Since version 3.1.0, the development team has wanted to promote a more flexible login panel. This is why, with the lack of a configuration file, phpMyAdmin displays the cookie-based login panel by default (more details on this in Chapter 2, Configuring Authentication and Security, which explains that with the default configuration, it's not possible to log in with an empty password):

We can verify this fact by visiting http://www.mydomain.com/phpMyAdmin and substituting the appropriate values for the domain part and the directory part. If we are able to log in, it means that there is a MySQL server running on the same host as the web server (localhost) and we've just made a connection to it. However, not having created a configuration file means that we would not be able to manage other hosts via our installation of phpMyAdmin. Moreover, many advanced phpMyAdmin features (for example, query bookmarks, full relational support, column transformation, and so on) would not be activated.

The cookie-based authentication method uses Blowfish encryption for storing credentials in browser cookies. If no configuration file exists, a Blowfish secret key is generated and stored in session data, which can open the door to security issues. This is why the following warning message is displayed: The configuration file now needs a secret passphrase (blowfish_secret).

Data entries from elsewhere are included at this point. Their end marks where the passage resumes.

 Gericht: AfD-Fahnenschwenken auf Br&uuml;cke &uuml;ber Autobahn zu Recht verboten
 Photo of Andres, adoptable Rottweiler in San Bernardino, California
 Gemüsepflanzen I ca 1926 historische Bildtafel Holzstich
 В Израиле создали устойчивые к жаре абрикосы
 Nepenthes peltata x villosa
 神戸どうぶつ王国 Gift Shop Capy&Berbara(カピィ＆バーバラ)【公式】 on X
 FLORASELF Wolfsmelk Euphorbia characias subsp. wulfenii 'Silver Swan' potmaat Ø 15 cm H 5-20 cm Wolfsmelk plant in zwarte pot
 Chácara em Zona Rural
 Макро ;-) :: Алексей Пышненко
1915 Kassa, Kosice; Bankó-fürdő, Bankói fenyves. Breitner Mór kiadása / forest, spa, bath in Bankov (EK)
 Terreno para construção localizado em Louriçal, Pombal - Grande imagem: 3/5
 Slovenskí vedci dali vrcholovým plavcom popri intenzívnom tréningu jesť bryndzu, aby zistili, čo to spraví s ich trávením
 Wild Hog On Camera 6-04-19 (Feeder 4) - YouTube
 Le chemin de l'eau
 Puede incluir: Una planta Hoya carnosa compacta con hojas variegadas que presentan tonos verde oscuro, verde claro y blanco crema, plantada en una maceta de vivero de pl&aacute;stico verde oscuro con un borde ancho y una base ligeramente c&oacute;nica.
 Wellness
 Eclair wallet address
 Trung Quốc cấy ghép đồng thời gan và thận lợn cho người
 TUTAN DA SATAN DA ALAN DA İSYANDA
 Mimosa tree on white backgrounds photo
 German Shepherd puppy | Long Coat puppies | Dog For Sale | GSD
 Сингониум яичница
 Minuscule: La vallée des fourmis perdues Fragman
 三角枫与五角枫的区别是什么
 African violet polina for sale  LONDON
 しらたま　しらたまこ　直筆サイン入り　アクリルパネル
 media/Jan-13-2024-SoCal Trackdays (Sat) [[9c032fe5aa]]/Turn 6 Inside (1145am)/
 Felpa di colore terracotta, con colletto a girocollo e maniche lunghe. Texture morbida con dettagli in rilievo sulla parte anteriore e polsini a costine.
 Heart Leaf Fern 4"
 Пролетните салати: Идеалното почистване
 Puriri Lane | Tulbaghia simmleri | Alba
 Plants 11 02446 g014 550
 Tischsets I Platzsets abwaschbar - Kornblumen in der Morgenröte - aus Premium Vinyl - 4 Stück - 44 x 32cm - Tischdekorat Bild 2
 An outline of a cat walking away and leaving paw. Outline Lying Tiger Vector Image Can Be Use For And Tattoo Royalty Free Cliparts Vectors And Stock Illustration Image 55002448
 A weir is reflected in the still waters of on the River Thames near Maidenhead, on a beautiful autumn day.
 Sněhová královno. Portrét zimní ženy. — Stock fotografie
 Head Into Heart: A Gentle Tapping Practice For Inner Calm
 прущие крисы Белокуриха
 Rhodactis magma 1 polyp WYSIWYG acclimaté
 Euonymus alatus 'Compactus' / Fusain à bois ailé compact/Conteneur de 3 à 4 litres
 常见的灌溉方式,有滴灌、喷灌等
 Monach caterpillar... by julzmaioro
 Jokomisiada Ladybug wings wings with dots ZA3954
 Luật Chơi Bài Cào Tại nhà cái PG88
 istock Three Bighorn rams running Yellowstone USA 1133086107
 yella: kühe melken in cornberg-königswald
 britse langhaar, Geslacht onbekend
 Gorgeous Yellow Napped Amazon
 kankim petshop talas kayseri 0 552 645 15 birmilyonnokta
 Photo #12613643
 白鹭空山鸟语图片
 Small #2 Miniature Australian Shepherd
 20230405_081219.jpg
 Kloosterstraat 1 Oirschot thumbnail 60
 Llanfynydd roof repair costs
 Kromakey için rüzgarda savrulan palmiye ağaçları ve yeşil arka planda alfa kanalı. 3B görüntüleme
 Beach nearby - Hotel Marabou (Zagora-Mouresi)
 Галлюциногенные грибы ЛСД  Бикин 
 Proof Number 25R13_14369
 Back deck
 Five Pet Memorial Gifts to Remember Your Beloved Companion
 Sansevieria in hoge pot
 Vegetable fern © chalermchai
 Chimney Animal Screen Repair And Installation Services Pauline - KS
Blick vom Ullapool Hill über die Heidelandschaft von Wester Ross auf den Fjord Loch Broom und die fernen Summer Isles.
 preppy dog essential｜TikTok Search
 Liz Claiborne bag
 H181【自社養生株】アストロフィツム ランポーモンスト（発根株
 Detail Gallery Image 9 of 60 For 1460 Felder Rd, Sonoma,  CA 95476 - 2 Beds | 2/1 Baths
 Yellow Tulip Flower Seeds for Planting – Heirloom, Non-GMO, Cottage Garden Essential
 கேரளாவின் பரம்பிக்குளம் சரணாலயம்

At this point, we have some choices:

These options are presented in the following sections. We should note that even if we use the web-based setup script, we should familiarize ourselves with the config.inc.php file format, because the setup script does not cover all of the possible configuration options.

The web-based setup mechanism is strongly recommended in order to avoid syntax errors that could result from the manual creation of the configuration file. Also, because this file must respect PHP's syntax, it's common for new users to experience problems in this phase of the installation.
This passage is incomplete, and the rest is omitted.